La procureure salue la constance et la précision de la description de Lucas. Elle pointe la fragilité de la thèse du receleur avancée par Dylan et appelle à ne pas la retenir. « Les violences sont particulièrement graves en plus des vols, ainsi que le choix d’agresser une personne à son domicile, de la ramener chez elle et de la menacer, de la rouer de coups. Ce sont des faits qui nécessitent une réponse ferme. » Elle réclame une peine de douze mois dont six assortis du sursis probatoire pour Mathieu et douze mois dont douze assortis du sursis probatoire pour Dylan, en prenant en compte leurs antécédents et leur casier judiciaire.

Dans sa plaidoirie, l’avocate de la défense commence par montrer que Lucas n’est pas « une pauvre victime ». Il consomme des stupéfiants, il n’a pas été choisi « au hasard », insiste-t-elle. Elle réclame la relaxe pour Dylan, rappelant que Lucas a d’abord pointé une autre personne avant de le reconnaître sans certitude. « Si porter des dreadlocks fait de lui un coupable, c’est un peu léger ! » Quant à Mathieu, elle affirme qu’il reconnaît « une bagarre avec l’un plus amoché que l’autre » et pointe là encore le comportement suspect de Lucas qui a préféré appeler des amis et non la police ou les pompiers juste après les faits. « Mathieu reconnaît les coups de poing, il s’est remboursé ce qu’on lui devait. On se pose aussi des questions sur l’origine de tout ce liquide. » Elle veut enfin attirer l’attention sur le parcours difficile de son client, à plusieurs reprises marqué par la mort de proches, son père en 2016, sa petite amie en 2021, et sur son rêve de devenir scaphandrier.
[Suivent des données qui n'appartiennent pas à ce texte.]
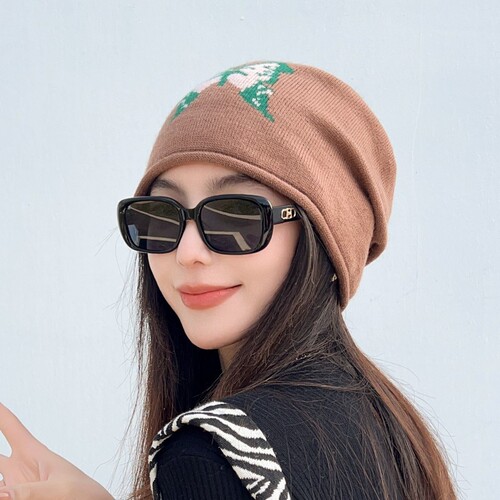 Winter and Autumn Knitted Wool Butterfly Cluster Hat, Warm Ear Cover, Face-Smoothing, Loose Fit, Versatile Hooded Beanie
Elle appelle à une peine de travaux d’intérêt général pour ce dernier avec la possibilité de l’éloigner chez son grand-père dans le Sud de la France.

La parole est aux deux prévenus qui ne se démontent pas face à Lucas : « La vérité, c’est que c’est un dealer et tout le monde le sait ! », clame Mathieu, qui dit accepter de quitter sa ville. Dylan en profite lui pour pointer la faiblesse de la reconnaissance de la victime : « Si A. avait été en garde-à-vue, il aurait dit que c’était lui en confrontation. »

Au délibéré, tous les deux sont condamnés à une peine de 24 mois assortis d’un sursis probatoire de douze mois. Ils auront interdiction de contact avec la victime, ainsi qu’entre eux. Dylan aura obligation de domiciliation dans une autre ville de l’Essonne, tandis que Mathieu devra vivre dans le Sud. Ils ont tous les deux une obligation de travail et interdiction de détenir une arme. Le juge ajoute que les peines d’emprisonnement ferme seront aménagées sous surveillance électronique. À l’énoncé des peines, les deux mères des prévenus poussent un soupir de soulagement. La constitution de partie civile est recevable et Lucas devra être indemnisé.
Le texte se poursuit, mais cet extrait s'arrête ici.